From the work of David Wilkins we took as our starting point this quotation:

What people want to do through language is more important than the mastery of language as an unapplied system.

How come I had never noticed that acknowledgement before? More worryingly, what happened, subsequently, to reverse this sea-change – to make the structurasl syllabus the primary one again, and the semantic one only secondary? Why is it that “the mastery of language as an unapplied system” again takes precedence over its communicative purposes? What happened to the communicative approach?



36 responses

7 03 2010

I wonder if it’s not to do with the sublimity of language. I was watching a Steve Pinker TED talk yesterday where he was highlighting the fact that it is impossible to convey all the possible semantic combinations in a language, so language learners are naturally drawn to extrapolating a kind of grammar. This tendency can quite easily become exaggerated as the attempt to master language as an unapplied system. In that regard, maybe it is possible to say that the popularity of the structural syllabus never really went away, at least with learners, it just seemed like it did for a while.
Anyway, while I’m here – many congratulations on winning the ELTON this week – it was well-deserved.

7 03 2010

“What happened to the communicative approach?”
In Spain it was the victim of a lethal cocktail:

1. The Spanish student’s fear of making him/herself ridiculous in front of others.
2. The almost total absence of appropriate teacher training for State-school teachers of English.
3. The consequent reluctance of many Spanish teachers to use any textbook which is not based around safe grammar Mcnuggets.
4. An educational tradition that foregrounds ‘knowledge about’ at the expense of learning how to actually do anything with what you have learned. (Spanish school students spend year after year parsing sentences but are generally incapable of writing a coherent and cohesive paragraph.)

Communication never really had much of a chance.

I am fighting a rearguard action this year by refusing to correct a percentage of written work.
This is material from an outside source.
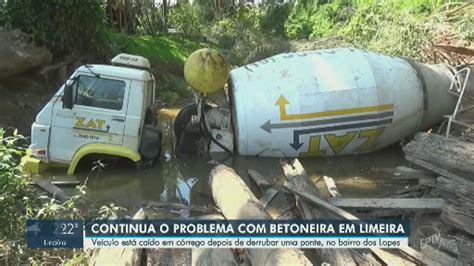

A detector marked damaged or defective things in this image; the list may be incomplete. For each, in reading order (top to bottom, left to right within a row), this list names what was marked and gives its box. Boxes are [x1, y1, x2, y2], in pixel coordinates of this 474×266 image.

broken timber [210, 164, 312, 266]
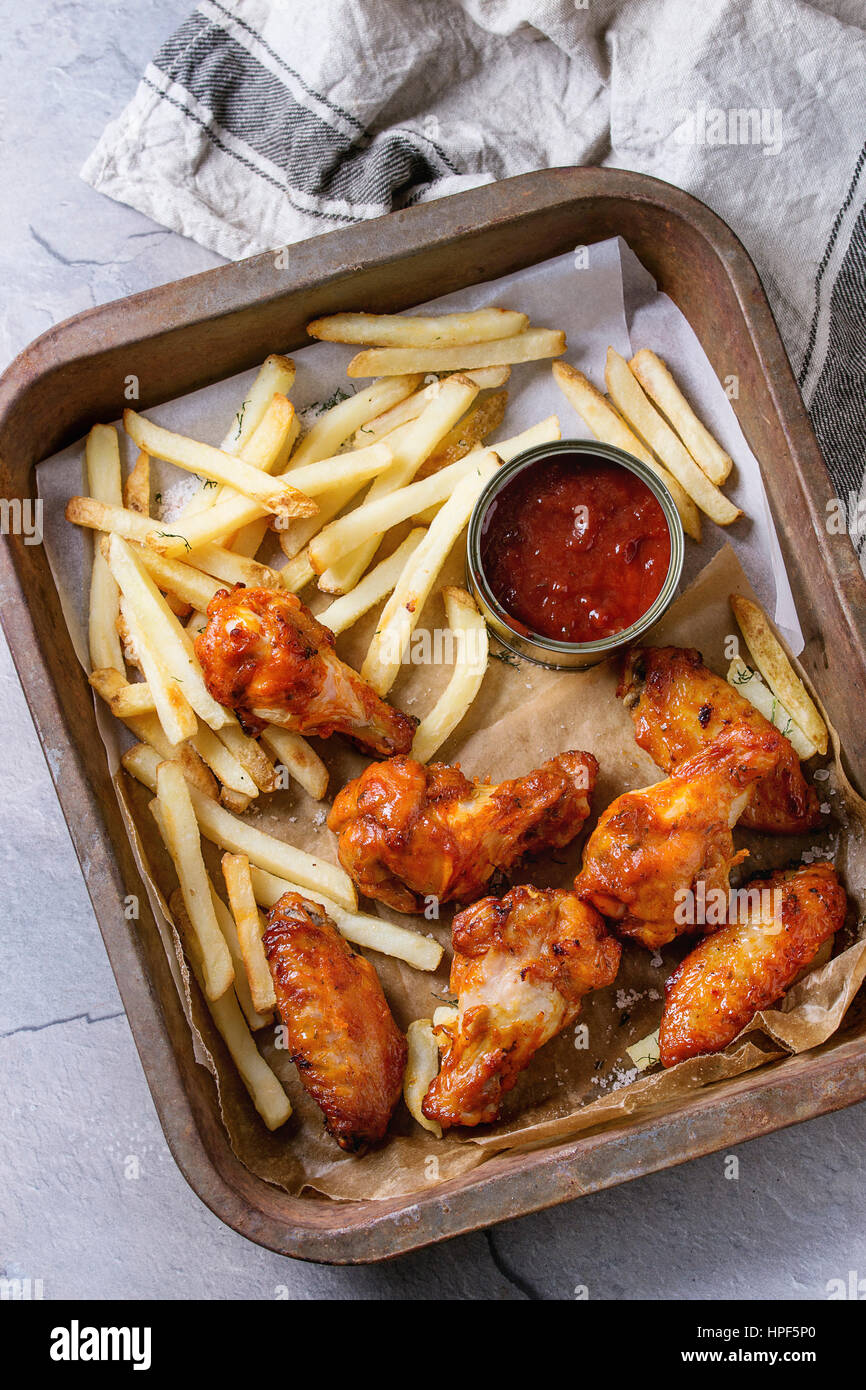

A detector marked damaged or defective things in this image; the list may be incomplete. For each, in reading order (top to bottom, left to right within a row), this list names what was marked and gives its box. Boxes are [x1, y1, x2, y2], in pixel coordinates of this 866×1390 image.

I only respond to content: I am strange.

7 03 2010
Eoin Higgins

Maybe it was too hard to test if students had learned want they wanted to do through language. ‘Certifcates’ exams took over and became the primary motivation for most learners and those exams have nothing to do with ‘normal’ communicative situations. See Mike Harrison’s latest reflection.

7 03 2010
Eoin Higgins

Mike Harrison’s latest reflection here: http://mikeharrison.edublogs.org/2010/03/04/a-perfect-lesson/

8 03 2010
Jason Renshaw

Very interesting, Scott – especially the question posed at the end.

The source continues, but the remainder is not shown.